Reputation: 197
I am new to pandas and I am creating new columns based on conditions from other existing columns using the following code:
df.loc[(df.item1_existing=='NO') & (df.item1_sold=='YES'),'unit_item1']=1
df.loc[(df.item2_existing=='NO') & (df.item2_sold=='YES'),'unit_item2']=1
df.loc[(df.item3_existing=='NO') & (df.item3_sold=='YES'),'unit_item3']=1
Basically, what this means is that if item is NOT existing ('NO') and the item IS sold ('YES') then give me a 1. This works to create 3 new columns but I am thinking there is a better way. As you can see, there is a repeated string in the name of the columns: '_existing' and '_sold'. I am trying to create a for loop that will look for the name of the column that ends with that specific word and concatenate the beginning, something like this:
unit_cols = ['item1','item2','item3']
for i in unit_cols:
df.loc[('df.'+i+'_existing'=='NO') & ('df'+i+'_sold'=='YES'),'unit_'+i]=1
but of course, it doesn't work. As I said, I am able to make it work with the initial example, but I would like to have fewer lines of code instead of repeating the same code because I need to create several columns this way, not just three. Is there a way to make this easier? is the for loop the best option? Thank you.
Upvotes: 1
Views: 229
Reputation: 164623
You can use Boolean series, i.e. True
/ False
depending on whether your condition is met.
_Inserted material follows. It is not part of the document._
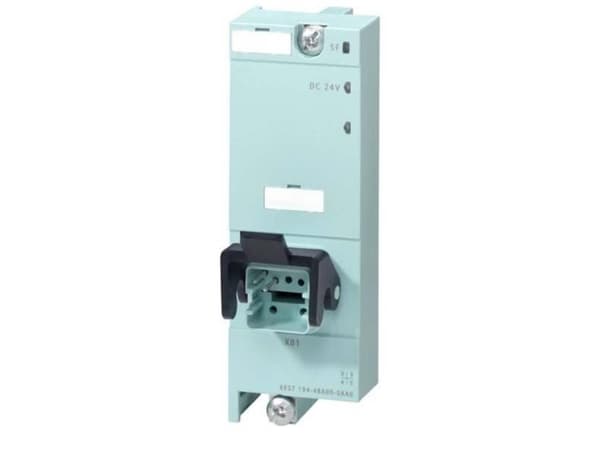 Siemens 6ES7194-4BA00-0AA0 PLC-tilslutningsmodul 28.8 V/DC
Coupled with pd.Series.eq
and f-strings (PEP498, Python 3.6+), and using __getitem__
(or its syntactic sugar []
) to allow string inputs, you can write your logic more readably:
unit_cols = ['item1','item2','item3']
for i in unit_cols:
df[f'unit_{i}'] = df[f'{i}_existing'].eq('NO') & df[f'{i}_sold'].eq('YES')
If you need integers (1
/ 0
) instead of Boolean values, you can convert via astype
:
df[f'unit_{i}'] = df[f'unit_{i}'].astype(int)
Upvotes: 2